--- START ---

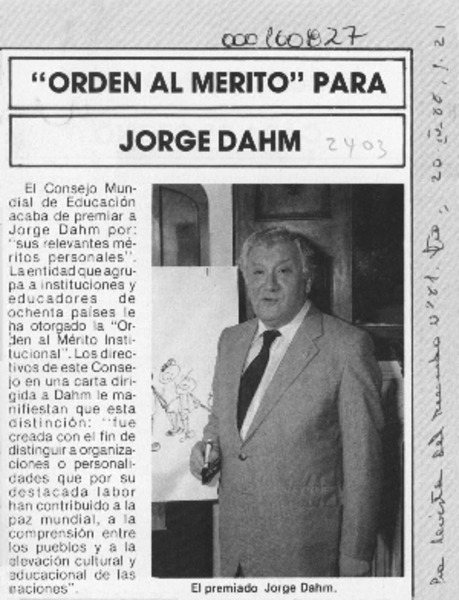 "Orden al mérito" para Jorge Dahm  [artículo].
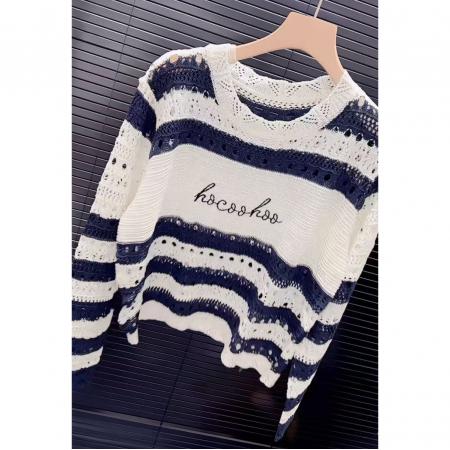 BY11866# 今年流行穿搭夏季新款温柔风森系条纹毛针织衫休闲风长袖上衣 服裝批發女裝批發服飾貨源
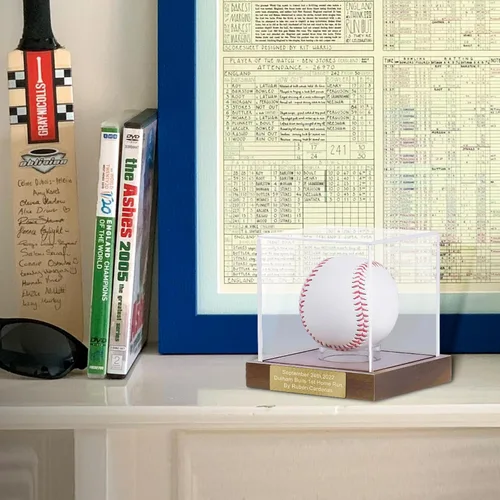 Miniatura 9 de Estuche de exhibición de béisbol, estuche de béisbol con grabado Remember Your Special Baseball, caja de almacenamiento de béisbol acrílica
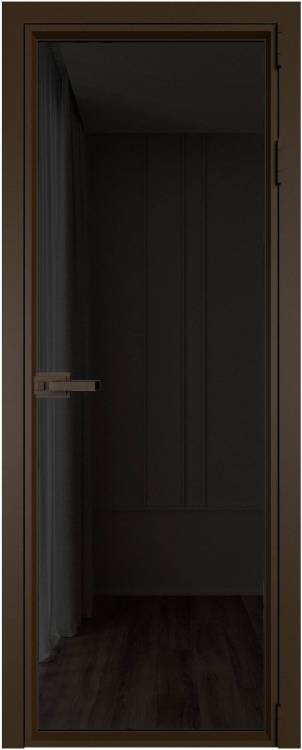 Межкомнатная дверь Profil Doors 1 AV цвет профиля Деорэ, стекло безопасное 6 мм черное тонированное 800x2000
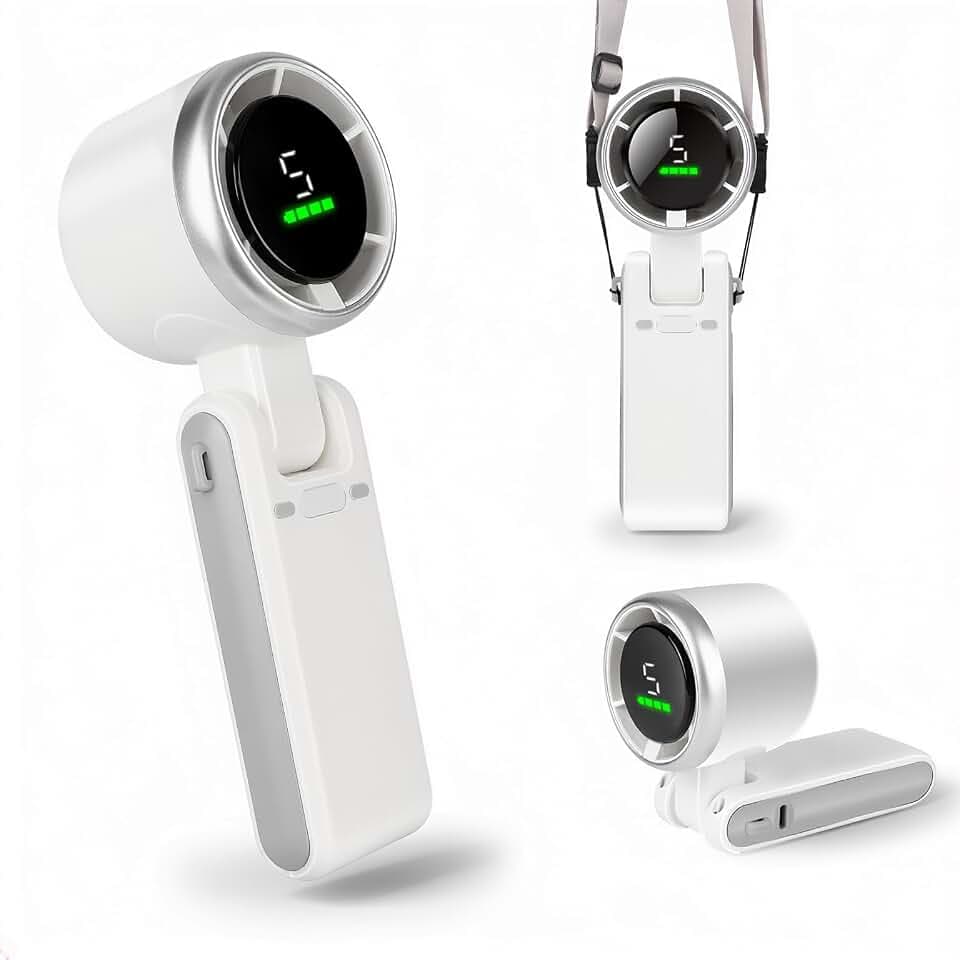 Portable Handheld Turbo Fan, 5-Speed, 3600mAh Rechargeable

--- END ---

§ DIRECTIONS FOR THIS TASK: Retype verbatim only the lines beginning with the line that contains "Межкомнатная дверь Profil" and ending with the last line of the listing above; pictures are to be excluded.

§ OUTPUT FOR THIS EXERCISE:
 Межкомнатная дверь Profil Doors 1 AV цвет профиля Деорэ, стекло безопасное 6 мм черное тонированное 800x2000
 Portable Handheld Turbo Fan, 5-Speed, 3600mAh Rechargeable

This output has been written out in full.